= Action item =
In the entries below, find the line with "MINIKLUB Kids Rust Solid Joggers-image-95" and the line with "D8M7P's tweet photo."; give again those lines and every line between them, exactly.

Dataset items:
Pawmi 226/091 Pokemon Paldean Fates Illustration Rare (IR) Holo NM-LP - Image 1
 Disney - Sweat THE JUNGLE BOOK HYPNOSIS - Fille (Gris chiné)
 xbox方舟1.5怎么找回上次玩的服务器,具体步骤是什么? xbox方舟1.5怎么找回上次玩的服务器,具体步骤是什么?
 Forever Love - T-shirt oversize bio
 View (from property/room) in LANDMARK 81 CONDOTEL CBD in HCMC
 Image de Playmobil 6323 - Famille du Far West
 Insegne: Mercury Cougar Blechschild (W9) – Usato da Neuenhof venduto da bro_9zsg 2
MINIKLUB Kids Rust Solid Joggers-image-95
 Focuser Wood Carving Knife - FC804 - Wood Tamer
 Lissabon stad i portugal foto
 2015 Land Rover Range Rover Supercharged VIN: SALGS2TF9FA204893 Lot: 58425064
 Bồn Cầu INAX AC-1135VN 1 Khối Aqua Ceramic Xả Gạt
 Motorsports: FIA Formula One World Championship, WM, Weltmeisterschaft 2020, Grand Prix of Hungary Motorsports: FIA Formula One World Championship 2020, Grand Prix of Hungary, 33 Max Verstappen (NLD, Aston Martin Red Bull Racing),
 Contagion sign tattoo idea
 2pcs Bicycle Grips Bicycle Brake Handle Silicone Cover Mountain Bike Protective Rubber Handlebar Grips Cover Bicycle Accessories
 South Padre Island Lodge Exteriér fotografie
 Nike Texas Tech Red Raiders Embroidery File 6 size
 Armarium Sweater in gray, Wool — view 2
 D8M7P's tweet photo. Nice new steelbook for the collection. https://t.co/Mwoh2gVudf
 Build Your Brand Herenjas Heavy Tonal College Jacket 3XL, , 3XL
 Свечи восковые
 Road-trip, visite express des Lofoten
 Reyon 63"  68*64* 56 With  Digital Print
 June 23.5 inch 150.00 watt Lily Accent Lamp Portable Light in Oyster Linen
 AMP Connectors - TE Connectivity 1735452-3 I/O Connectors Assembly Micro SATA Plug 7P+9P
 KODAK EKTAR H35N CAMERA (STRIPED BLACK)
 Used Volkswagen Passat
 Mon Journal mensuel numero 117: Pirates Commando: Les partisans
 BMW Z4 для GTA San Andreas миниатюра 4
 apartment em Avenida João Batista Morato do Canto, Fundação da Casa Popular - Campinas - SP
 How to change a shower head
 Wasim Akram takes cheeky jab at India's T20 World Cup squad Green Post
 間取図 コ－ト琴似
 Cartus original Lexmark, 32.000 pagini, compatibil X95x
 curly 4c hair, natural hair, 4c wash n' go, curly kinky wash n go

= Answer to this exercise =
MINIKLUB Kids Rust Solid Joggers-image-95
 Focuser Wood Carving Knife - FC804 - Wood Tamer
 Lissabon stad i portugal foto
 2015 Land Rover Range Rover Supercharged VIN: SALGS2TF9FA204893 Lot: 58425064
 Bồn Cầu INAX AC-1135VN 1 Khối Aqua Ceramic Xả Gạt
 Motorsports: FIA Formula One World Championship, WM, Weltmeisterschaft 2020, Grand Prix of Hungary Motorsports: FIA Formula One World Championship 2020, Grand Prix of Hungary, 33 Max Verstappen (NLD, Aston Martin Red Bull Racing),
 Contagion sign tattoo idea
 2pcs Bicycle Grips Bicycle Brake Handle Silicone Cover Mountain Bike Protective Rubber Handlebar Grips Cover Bicycle Accessories
 South Padre Island Lodge Exteriér fotografie
 Nike Texas Tech Red Raiders Embroidery File 6 size
 Armarium Sweater in gray, Wool — view 2
 D8M7P's tweet photo. Nice new steelbook for the collection. https://t.co/Mwoh2gVudf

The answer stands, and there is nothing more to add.